──────── Data section ────────
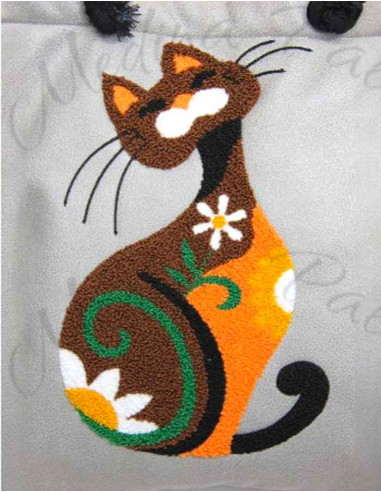 Tote bag with orange and black cat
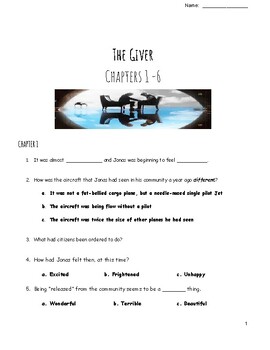 Preview of The Giver Chapters 1 - 6 Study Guide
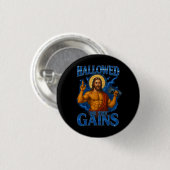 Gezegend Zijn Uw Winsten Gym Jezus - Thunder Ronde Button 3,2 Cm (Voorkant /achterkant)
────────
### Exercise
Could you repeat all of the material exactly? Pictures should not be copied.

### Result of the task
 Tote bag with orange and black cat
 Preview of The Giver Chapters 1 - 6 Study Guide
 Gezegend Zijn Uw Winsten Gym Jezus - Thunder Ronde Button 3,2 Cm (Voorkant /achterkant)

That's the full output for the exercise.